Raven Books has bought the first adult novel, billed as "The Crucible" meets “The Craft”, from YA author Julie Mayhew.
Alison Hennessey, editorial director of Raven Books, acquired two books from Mayhew in world all languages, in a deal direct from Louise Lamont at LBA. Impossible Causes will be published in October 2019 as a lead title for Raven Books, and is described by the Bloomsbury imprint as a “brilliantly dark thriller about isolated communities, rumours and suspicion”.
The book follows a remote and deeply religious island with a history of paganism is riven when a man is found dead. As rumours spread and tensions rise, three Lark teenage girls and the new arrival from the mainland find themselves accused of witchcraft – and murder.
Mayhew has written a number of YA novels including The Electrical Venus, acquired in 2016, and The Big Lie for Bonnier Zaffre imprint Hot Key – the latter was nominated for both the 2016 CILIP Carnegie Medal and Peters Book of the Year, and won the 2015 Sidewise Award for Alternate History. Her play, "Polygamy for Girls", featured alongside work by Margaret Atwood in BBC Radio 4’s "Riot Girls" season. She is an award-nominated radio dramatist and has written short stories and stage plays as well as writing for the screen following participation in the BAFTA Crew scheme. She was also formerly an actress.
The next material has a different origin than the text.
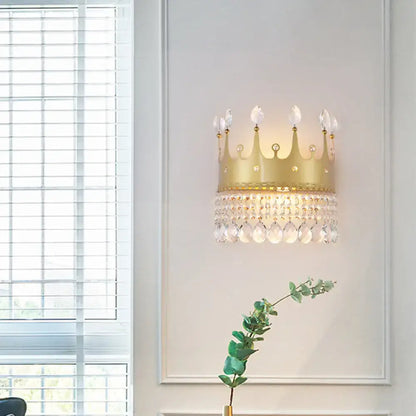 Modern gold crown wall lamp with crystal droplets bedroom led light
Mayhew said: “I’m fascinated by small, closed communities and the girls that grow up in them. Working with Raven, under Alison’s passionate editorial eye, has allowed me to explore this subject at its darkest extremes, for a brand new adult audience. It will, I hope, speak to some very timely, real-world concerns about how young women are treated by society.”
Hennessey said: “Impossible Causes is a dream of a book for me and a highlight of our publishing next year – a tense, brilliantly claustrophobic thriller set on a remote island which is cut off not just from the mainland, but from much of modern life. In Julie’s sinister and compelling adult debut, Lark becomes a crucible for rumours and suspicion - and ultimately, murder.”